▶ **Your goal**
Only the text of the entries below should appear in your exact transcription; leave out every picture.

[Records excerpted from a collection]

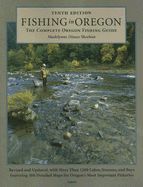 Fishing in Oregon: The Complete Oregon Fishing Guide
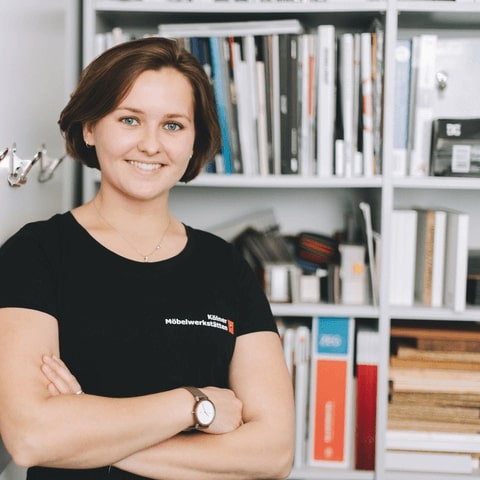 Schreiner Köln Deborah Klein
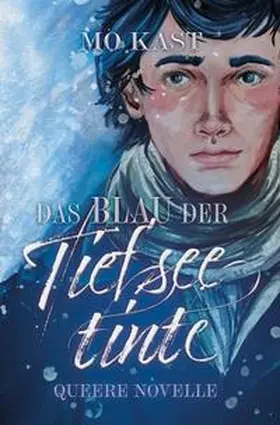 Kast |  Das Blau der Tiefseetinte | Buch |  Sack Fachmedien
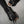 Techwear Fingerless Leather Gloves Zippers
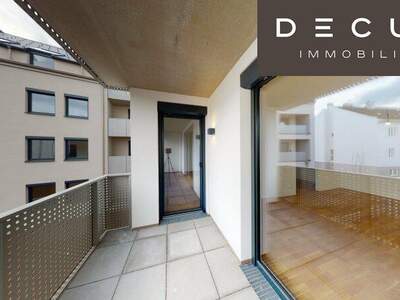Terrassenwohnung mieten in 3100 St. Pölten (Bild 3)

▶ **Solved problem**
 Fishing in Oregon: The Complete Oregon Fishing Guide
 Schreiner Köln Deborah Klein
 Kast |  Das Blau der Tiefseetinte | Buch |  Sack Fachmedien
 Techwear Fingerless Leather Gloves Zippers
Terrassenwohnung mieten in 3100 St. Pölten (Bild 3)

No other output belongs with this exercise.